SUBMISSIONS to Ararat Rural City Council over its 2019-20 budget highlight concerns over rating differentials, a lack of transparency over employee salaries, and the efficacy of the state government's rating review in rural municipalities.
The council held a special meeting Tuesday night to formally accept submissions made by residents over the draft budget.
"At this point we have three written submissions and we have no one who wishes to make a representation to council this evening," council chief Dr Tim Harrison said.
One submission read: 'I have reservations that the rating review to be conducted by the state government will actually achieve meaningful support for our smaller rural councils until a new formula for funding from federal and state allows some of the ever increasing burden to be lifted from all ratepayers.'
On the topic of staff salaries, another submission stated: 'Transparency and good governance require that the salary figures are provided by staff classification and numbers, in common with the state and federal public service transparency.
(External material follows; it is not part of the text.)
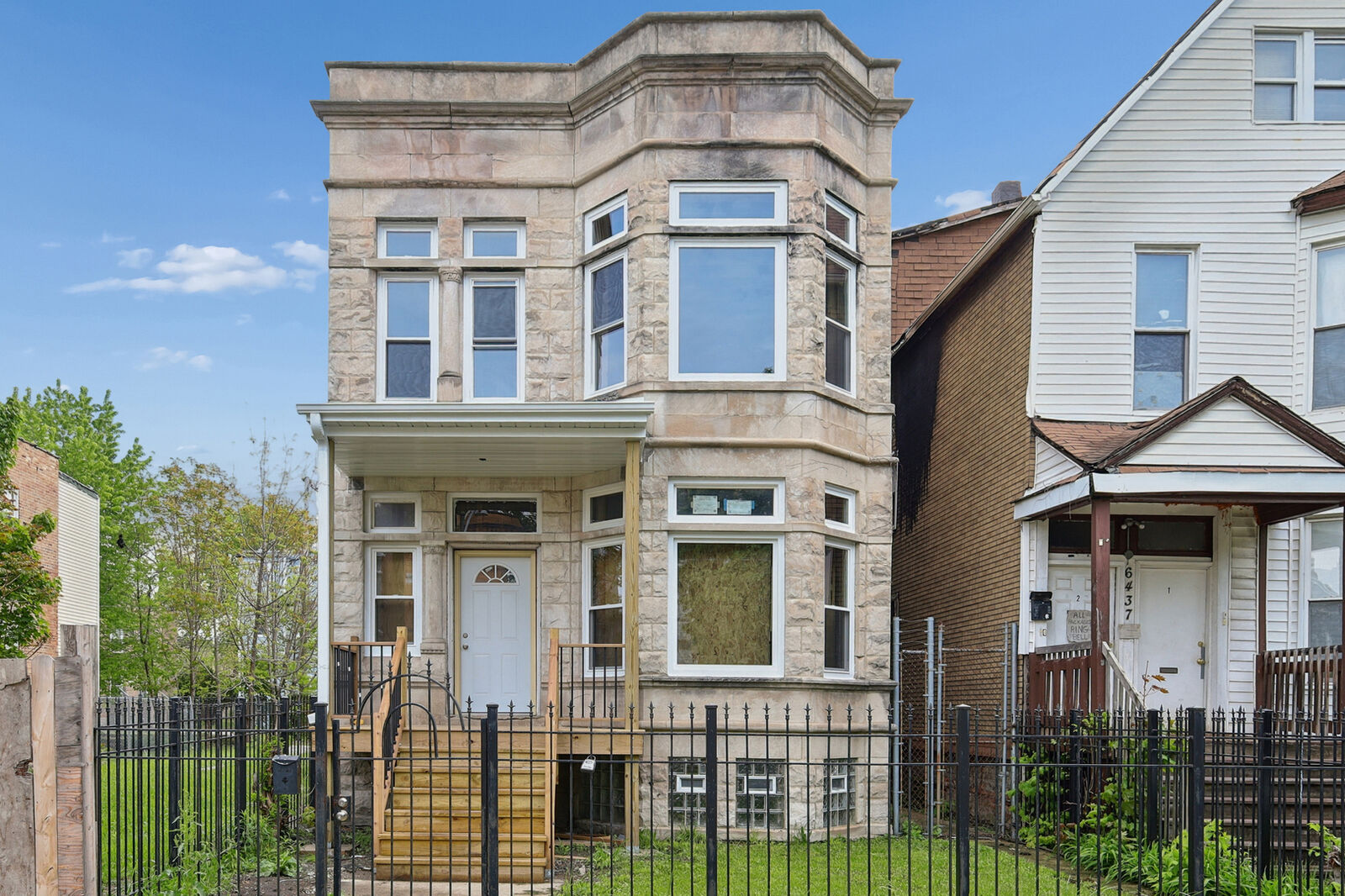 Property Photo:  6433 S Sangamon Street  IL 60621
Council employees are funded through the community rates, as such it must be public (sic) transparent.'
The third submission stated a concern that the council 'continues to set rating differentials that propagate huge rating imposts on the rural sector.'
'I am also concerned that despite the government stating that there would be a rate cap of 2.5% last year, the Rural City of Ararat manipulated the way rates would be charged so that grazing farm land was subject to a rate rise of 14.9%.
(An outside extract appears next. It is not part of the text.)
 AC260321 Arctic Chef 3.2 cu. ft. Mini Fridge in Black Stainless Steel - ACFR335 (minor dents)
'This was done despite the recommendations of the Rating Strategy Advisory Group and the Citizens Jury - a total of 32 ratepayers representing all differential rating sectors who spent months developing a fair and equitable strategy.'
The council will further discuss the submissions received at its ordinary meeting on Tuesday June 25.
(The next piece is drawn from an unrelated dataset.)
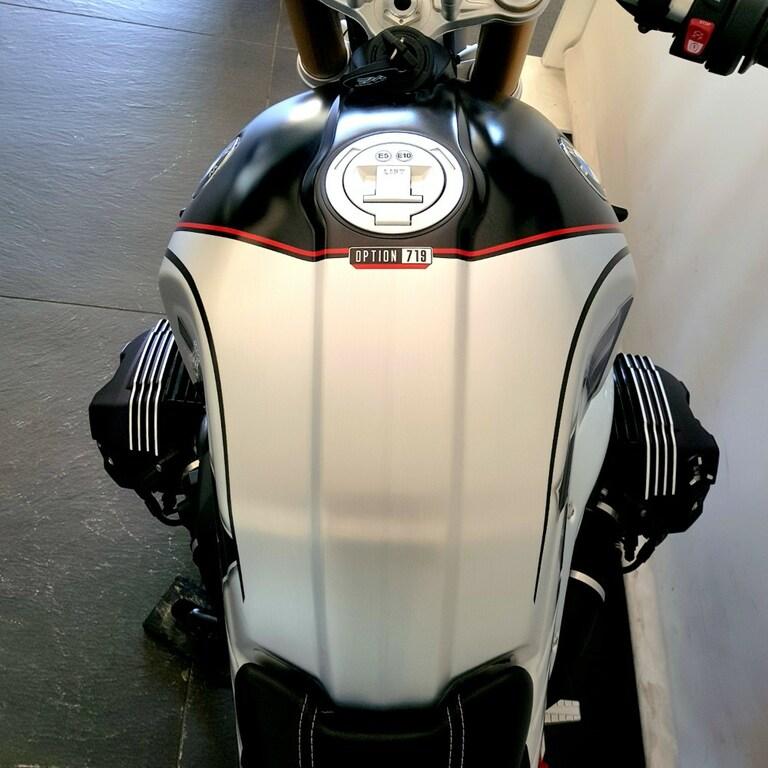 R 1200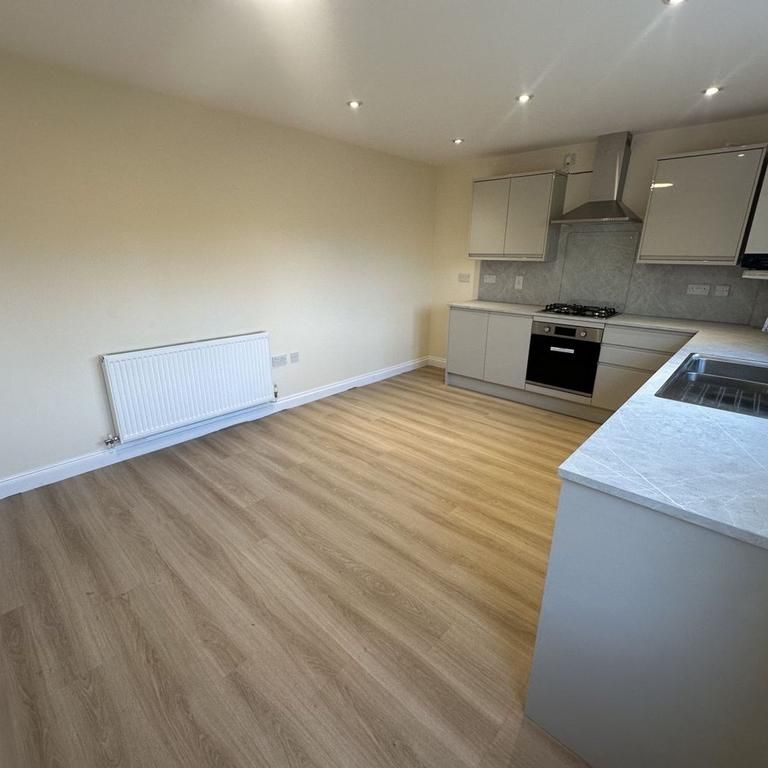 3 bedroom end of terrace house to rent - Photo 1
Key points of the budget include:
- a forecast surplus of $3.214 million;
- Rate differentials will remain the same as in the 2018-19 period;
- General rates will rise by 4.5 per cent, industrial rates will rise by 5.64 per cent, commercial rates will rise by 2.79 per cent, and farm rates will rise 2.46 per cent, falling to an average rate rise of 2.5 per cent, which aligns with the rate cap;
- an investment of $14.689 million into capital works.